I came all the way down to the library this morning to work on my 62 reels of microfilm only to discover that the microfilm reading room was on summer hours and closed on Saturdays. So instead I decided to be all stealthy and get some shots of the library’s gorgeous reading room on my laptop’s built-in camera. It really is an amazing library. I’ve also included a few older, better photos that were actually taken with a real camera.

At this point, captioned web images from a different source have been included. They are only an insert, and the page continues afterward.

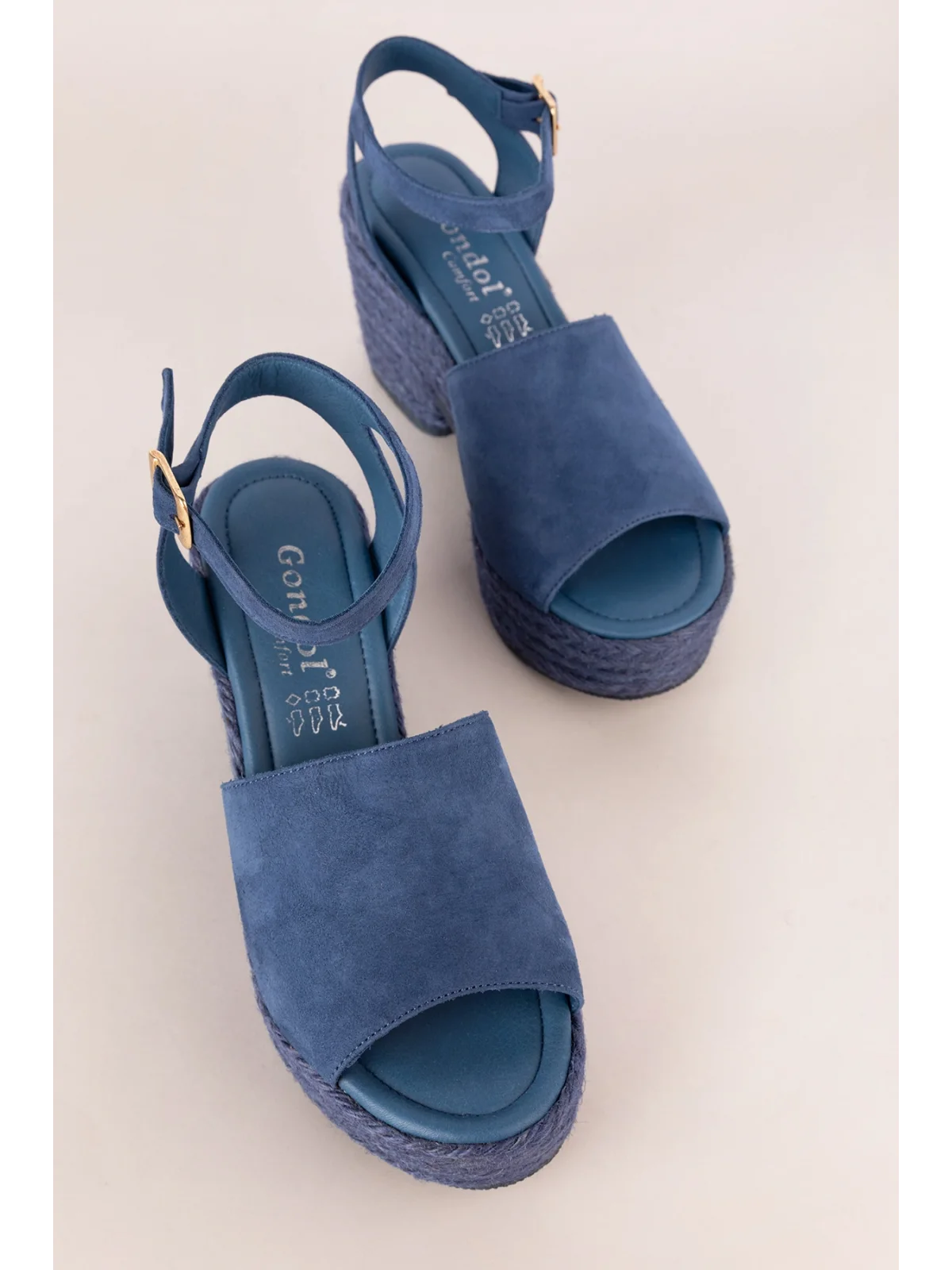 Gondol Kadın Hakiki Deri Dolgu Topuk Platform Sandalet ell.6998 Mavi Süet
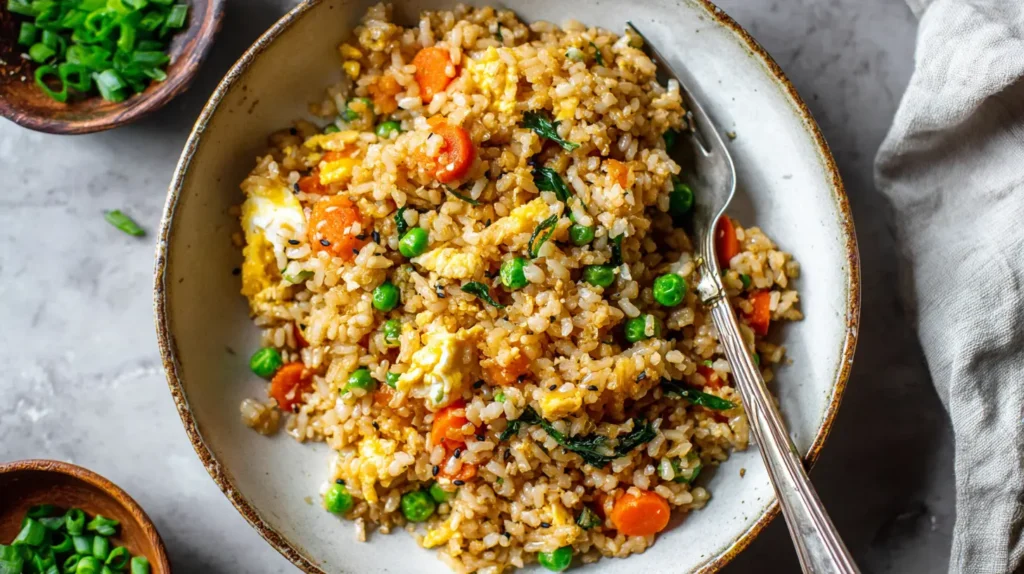 A plate featuring a quick and healthy rice dinner, garnished with herbs
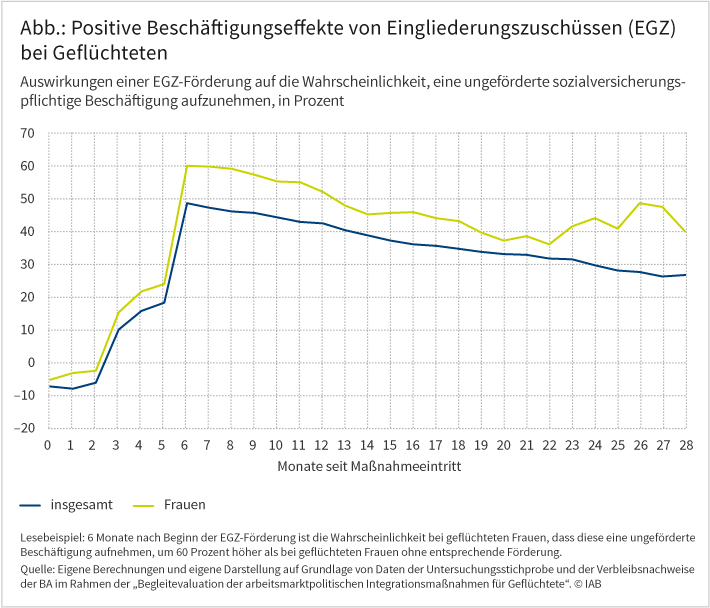 Die Abbildung zeigt die positiven Effekte von Eingliederungszuschüssen (EGZ) bei Geflüchteten auf die Wahrscheinlichkeit, eine ungeförderte sozialversicherungspflichtige Beschäftigung aufzunehmen, in Prozent. Die Wahrscheinlichkeit steigt in den ersten sechs Monaten nach Maßnahmeeintritt kontinuierlich. Der größte Anstieg findet zwischen dem zweiten und sechsten Monat statt (bis zu 60 Prozent), während der Effekt in den darauffolgenden Monaten (7 -28) wieder leicht abfällt. Bei Frauen ist der positive Effekt noch etwas stärker ausgeprägt. Quelle: Eigene Berechnungen und eigene Darstellung auf Grundlage von Daten der Untersuchungsstichprobe und der Verbleibsnachweise der BA im Rahmen der „Begleitevaluation der arbeitsmarktpolitischen Integrationsmaßnahmen für Geflüchtete“ © IAB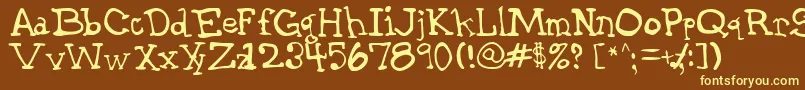 GarthHand-fontti – keltaiset fontit ruskealla taustalla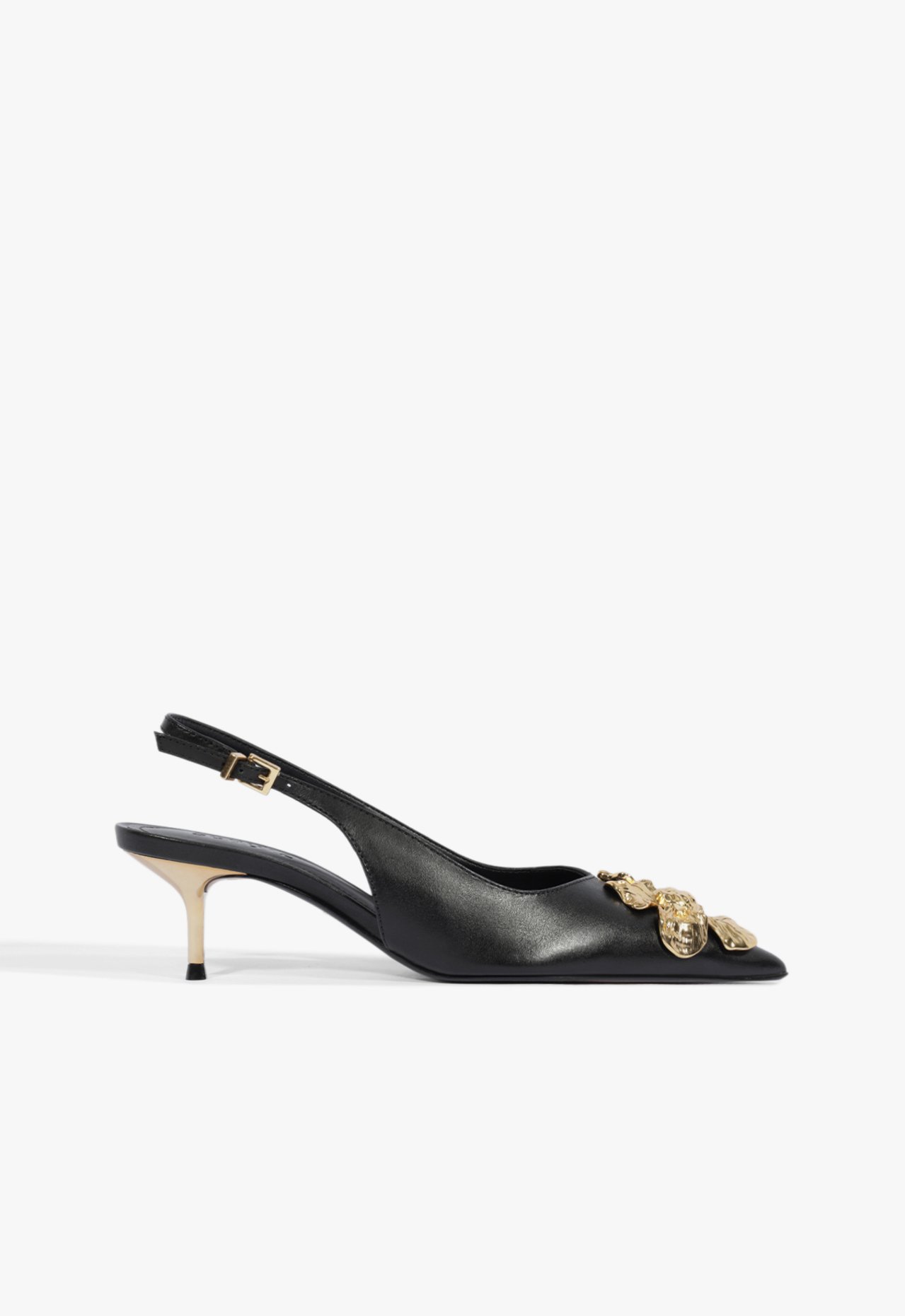 Scarpin Slingback Flora Salto Mid Couro Preto | Schutz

Here's some better ones that I've taken over the years with an actual camera.

Wednesday, May 19, 2010

Not a Fashion Post: Remembering Anne Boleyn

Because I am a giant geek (and I cannot stress that enough) and because I’ve had a giant lady crush on Anne Boleyn ever since I was a little girl, I want to take the opportunity today to point out that, on this date in 1536, the indomitable Queen Anne was executed on Tower Green on charges of adultery, treason, and even incest with her own brother. Of course (don’t believe what George Bernard tells you), the charges were fabricated and serve as a black stain on the already pretty shabby reputation of her husband Henry VIII. In honor of Anne’s memory, I will be looking at a few of my favorite books and fictionalized representations of her today. I recommend Eric Ives’s sterling biography and, for a chuckle, Retha Warnicke’s odd book which argues that Anne’s fate was sealed when she gave birth to a deformed fetus in the months before her arrest (the appearance of the deformed fetus – and there’s absolutely zero evidence that it was deformed, thank you Dr Warnicke – supposedly sparked the rumors of witchcraft and incest on Anne’s part that led to her death). If you’re not up to a fully “scholarly” book but just want a riveting account of Anne’s life and death that captures the tragedy and pathos of it all, check out Antonia Fraser’s The Wives of Henry VIII. Still the best “popular” book on the topic for my money (I’ll also just urge people to stay the hell away from Alison Weir and her garbled clap-trap because that lady pretends to be a historian only she has minimal training, no methodology, and churns out some ridiculous drivel).

As everyone knows from the emergence of movies like The Other Boleyn Girl (which I thought was awful) and television shows like The Tudors (which I admit is pretty entertaining and actually did a great job chronicling Anne’s downfall in the sense that, while it was historically inaccurate, was dramatically pitch perfect), Henry VIII and his wives are entertaining. I recommend the BBC’s amazing Six Wives of Henry VIII series (six movies of an hour and half length each) – I will be watching the Anne Boleyn episode later today. An oldie but a goodie is the film Anne of the Thousand Days, which has great costumes and does a decent job capturing Anne’s intelligent, bitchy, and daring personality. And of course there are reams of historical fiction out there – some good and some bad. I’ve always been partial to Jean Plaidy’s The Lady in the Tower, which I read as a child and which got me interested in early modern England, which I have now spent the last ten years studying as an academic discipline.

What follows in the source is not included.